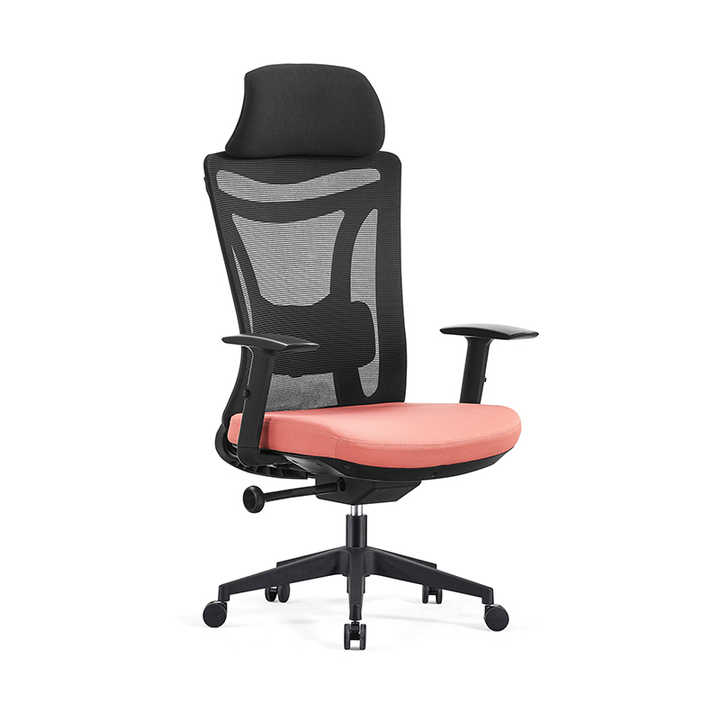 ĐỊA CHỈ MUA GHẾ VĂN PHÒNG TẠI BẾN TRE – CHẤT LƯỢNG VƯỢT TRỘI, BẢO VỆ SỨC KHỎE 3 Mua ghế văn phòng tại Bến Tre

==

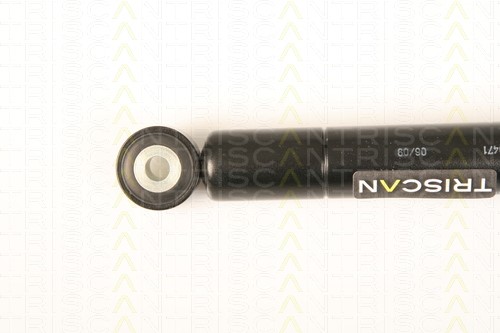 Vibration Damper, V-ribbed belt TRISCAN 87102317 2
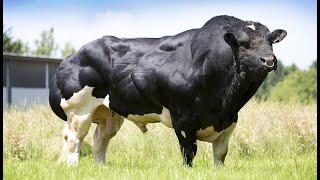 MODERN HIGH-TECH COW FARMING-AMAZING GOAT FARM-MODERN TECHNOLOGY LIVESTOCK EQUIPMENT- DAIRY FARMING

- _Work order_: Which part of the entries opens with the line containing "Vibration Damper, V-ribbed" and closes with the line containing "MODERN HIGH-TECH COW"? Output that part exactly, ends included, pictures excluded.

- _Solution_:
 Vibration Damper, V-ribbed belt TRISCAN 87102317 2
 MODERN HIGH-TECH COW FARMING-AMAZING GOAT FARM-MODERN TECHNOLOGY LIVESTOCK EQUIPMENT- DAIRY FARMING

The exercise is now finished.